(Dataset records)
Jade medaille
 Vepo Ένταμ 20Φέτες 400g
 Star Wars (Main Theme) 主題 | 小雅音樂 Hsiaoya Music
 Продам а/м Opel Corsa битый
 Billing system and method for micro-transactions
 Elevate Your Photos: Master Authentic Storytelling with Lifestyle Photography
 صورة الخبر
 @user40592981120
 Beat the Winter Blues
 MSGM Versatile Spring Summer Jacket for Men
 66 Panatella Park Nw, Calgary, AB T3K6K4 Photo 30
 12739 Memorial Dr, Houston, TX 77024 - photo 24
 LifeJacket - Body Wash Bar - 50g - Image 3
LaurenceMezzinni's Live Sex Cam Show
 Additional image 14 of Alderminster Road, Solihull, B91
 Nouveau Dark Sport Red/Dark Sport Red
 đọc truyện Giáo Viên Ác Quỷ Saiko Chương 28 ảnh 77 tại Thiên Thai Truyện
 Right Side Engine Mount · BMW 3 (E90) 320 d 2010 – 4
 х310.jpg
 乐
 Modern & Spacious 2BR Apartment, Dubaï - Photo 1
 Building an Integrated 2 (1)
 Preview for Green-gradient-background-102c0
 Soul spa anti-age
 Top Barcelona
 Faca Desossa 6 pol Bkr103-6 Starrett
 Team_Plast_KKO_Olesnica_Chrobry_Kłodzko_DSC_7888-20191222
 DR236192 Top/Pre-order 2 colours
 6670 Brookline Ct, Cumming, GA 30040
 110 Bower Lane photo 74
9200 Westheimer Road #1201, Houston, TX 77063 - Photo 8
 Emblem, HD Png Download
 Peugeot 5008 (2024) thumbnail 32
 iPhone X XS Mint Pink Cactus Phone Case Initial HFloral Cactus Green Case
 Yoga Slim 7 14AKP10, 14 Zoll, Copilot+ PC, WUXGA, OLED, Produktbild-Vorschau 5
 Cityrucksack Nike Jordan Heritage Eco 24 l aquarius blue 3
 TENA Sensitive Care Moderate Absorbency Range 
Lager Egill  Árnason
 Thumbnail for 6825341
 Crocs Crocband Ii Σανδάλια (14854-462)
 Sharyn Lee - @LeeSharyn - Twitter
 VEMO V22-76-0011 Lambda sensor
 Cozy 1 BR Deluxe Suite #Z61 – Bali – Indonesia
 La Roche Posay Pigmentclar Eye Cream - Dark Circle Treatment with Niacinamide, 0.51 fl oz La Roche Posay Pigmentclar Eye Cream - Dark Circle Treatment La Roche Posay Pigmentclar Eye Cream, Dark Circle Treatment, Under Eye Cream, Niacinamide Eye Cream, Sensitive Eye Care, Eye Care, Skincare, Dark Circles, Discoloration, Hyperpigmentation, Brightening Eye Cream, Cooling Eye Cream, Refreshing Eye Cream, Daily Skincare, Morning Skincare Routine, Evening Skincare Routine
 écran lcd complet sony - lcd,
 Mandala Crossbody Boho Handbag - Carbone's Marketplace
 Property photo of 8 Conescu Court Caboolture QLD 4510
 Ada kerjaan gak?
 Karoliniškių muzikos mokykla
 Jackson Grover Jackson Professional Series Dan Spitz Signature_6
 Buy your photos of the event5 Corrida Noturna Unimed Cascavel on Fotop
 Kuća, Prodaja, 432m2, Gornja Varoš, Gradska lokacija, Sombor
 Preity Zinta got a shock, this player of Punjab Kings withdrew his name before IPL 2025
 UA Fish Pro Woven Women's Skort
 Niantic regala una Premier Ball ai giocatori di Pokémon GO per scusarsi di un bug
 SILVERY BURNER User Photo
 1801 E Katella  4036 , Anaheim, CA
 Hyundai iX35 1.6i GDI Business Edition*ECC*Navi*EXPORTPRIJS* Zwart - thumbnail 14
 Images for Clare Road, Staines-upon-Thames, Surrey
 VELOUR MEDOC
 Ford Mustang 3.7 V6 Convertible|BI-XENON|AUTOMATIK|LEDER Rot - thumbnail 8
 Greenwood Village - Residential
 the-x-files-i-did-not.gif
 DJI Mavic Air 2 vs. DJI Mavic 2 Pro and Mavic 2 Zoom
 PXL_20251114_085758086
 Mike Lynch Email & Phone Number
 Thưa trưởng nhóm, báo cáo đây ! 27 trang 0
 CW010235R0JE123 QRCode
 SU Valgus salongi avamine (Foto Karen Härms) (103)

TASK ITEM:
Your task is to restate, word for word, only those lines above that fall between the line holding "Elevate Your Photos: Master" and the line holding "Crocs Crocband Ii Σανδάλια (14854-462)", inclusive.

EXERCISE OUTPUT:
 Elevate Your Photos: Master Authentic Storytelling with Lifestyle Photography
 صورة الخبر
 @user40592981120
 Beat the Winter Blues
 MSGM Versatile Spring Summer Jacket for Men
 66 Panatella Park Nw, Calgary, AB T3K6K4 Photo 30
 12739 Memorial Dr, Houston, TX 77024 - photo 24
 LifeJacket - Body Wash Bar - 50g - Image 3
LaurenceMezzinni's Live Sex Cam Show
 Additional image 14 of Alderminster Road, Solihull, B91
 Nouveau Dark Sport Red/Dark Sport Red
 đọc truyện Giáo Viên Ác Quỷ Saiko Chương 28 ảnh 77 tại Thiên Thai Truyện
 Right Side Engine Mount · BMW 3 (E90) 320 d 2010 – 4
 х310.jpg
 乐
 Modern & Spacious 2BR Apartment, Dubaï - Photo 1
 Building an Integrated 2 (1)
 Preview for Green-gradient-background-102c0
 Soul spa anti-age
 Top Barcelona
 Faca Desossa 6 pol Bkr103-6 Starrett
 Team_Plast_KKO_Olesnica_Chrobry_Kłodzko_DSC_7888-20191222
 DR236192 Top/Pre-order 2 colours
 6670 Brookline Ct, Cumming, GA 30040
 110 Bower Lane photo 74
9200 Westheimer Road #1201, Houston, TX 77063 - Photo 8
 Emblem, HD Png Download
 Peugeot 5008 (2024) thumbnail 32
 iPhone X XS Mint Pink Cactus Phone Case Initial HFloral Cactus Green Case
 Yoga Slim 7 14AKP10, 14 Zoll, Copilot+ PC, WUXGA, OLED, Produktbild-Vorschau 5
 Cityrucksack Nike Jordan Heritage Eco 24 l aquarius blue 3
 TENA Sensitive Care Moderate Absorbency Range 
Lager Egill  Árnason
 Thumbnail for 6825341
 Crocs Crocband Ii Σανδάλια (14854-462)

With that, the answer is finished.